Where the line containing "Spécial Chef Workwear" appears, begin retyping; continue exactly through the final line of the data. Omit every picture.

--- Records for this task ---

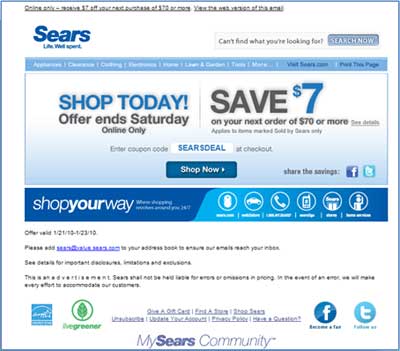 Sears E-Mail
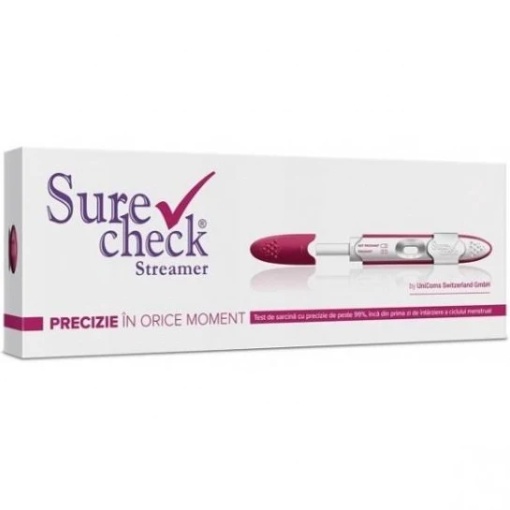 Test sarcina streamer sure check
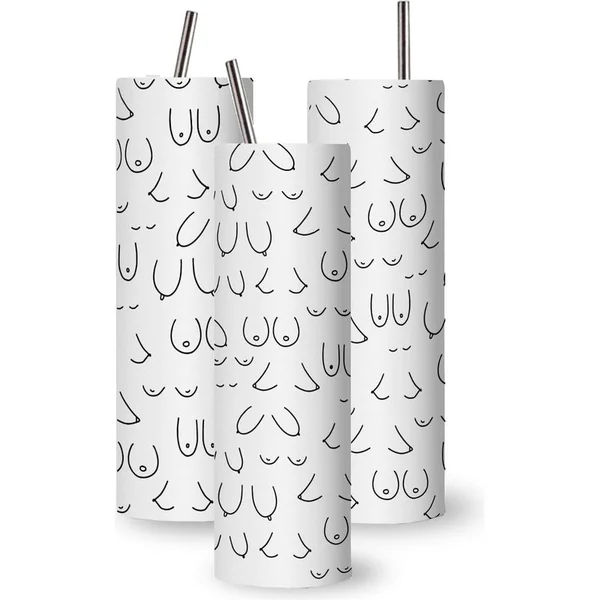 Customized Erotic Stainless Steel Tumbler Cup - 20 oz / 591 ml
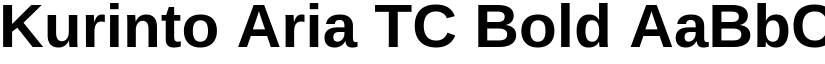 Kurinto Aria TC Bold font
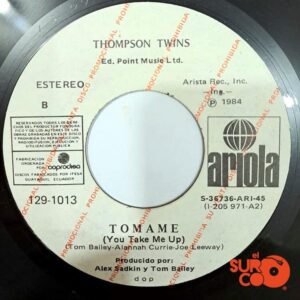 Disco de Vinilo Thompson Twins - Hold Me Now / You Take Me Up (Promocional) Vinyl Record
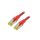 Patch cord S/FTP 6a linka Cu LSZH czerwony 3m 26AWG DK-1644-A-030/R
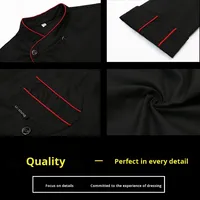 Spécial Chef Workwear Hommes À Manches Courtes Mince D'été Restaurant Restauration Cuisine Résistant À La Saleté Accessoire En Gros École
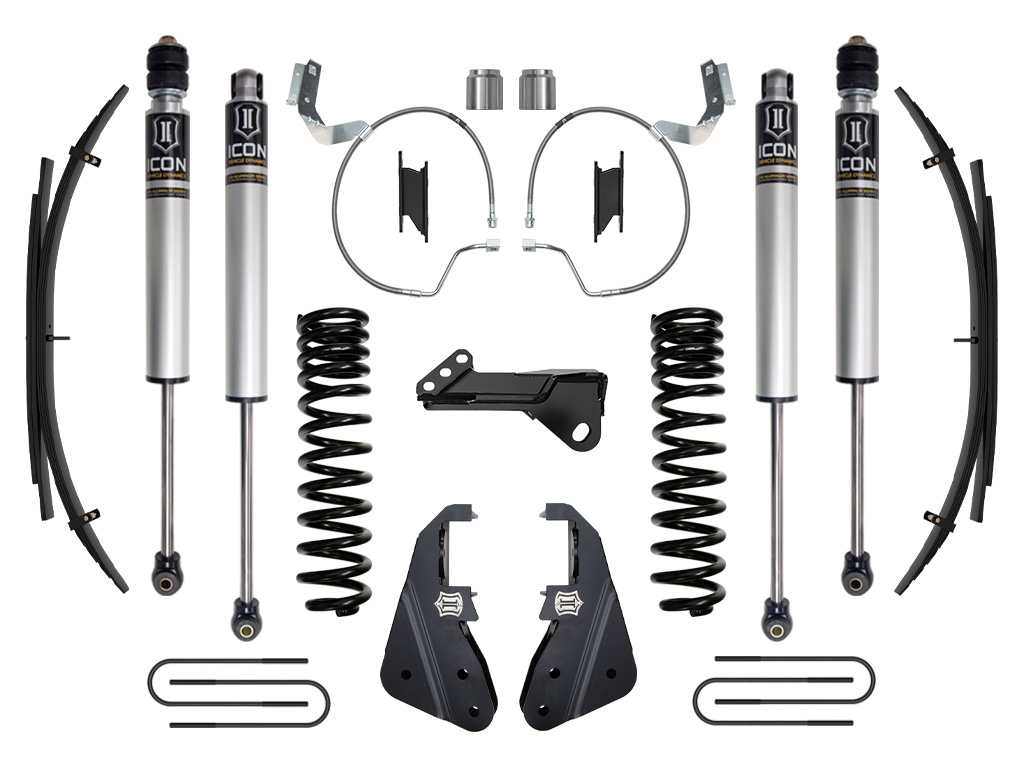 ICON 2023 Ford F-250/F-350 Super Duty 4WD Diesel, 4.5" Lift, Stage 1 Suspension System w/ Expansion Packs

---

**Solution for this exercise**:
 Spécial Chef Workwear Hommes À Manches Courtes Mince D'été Restaurant Restauration Cuisine Résistant À La Saleté Accessoire En Gros École
 ICON 2023 Ford F-250/F-350 Super Duty 4WD Diesel, 4.5" Lift, Stage 1 Suspension System w/ Expansion Packs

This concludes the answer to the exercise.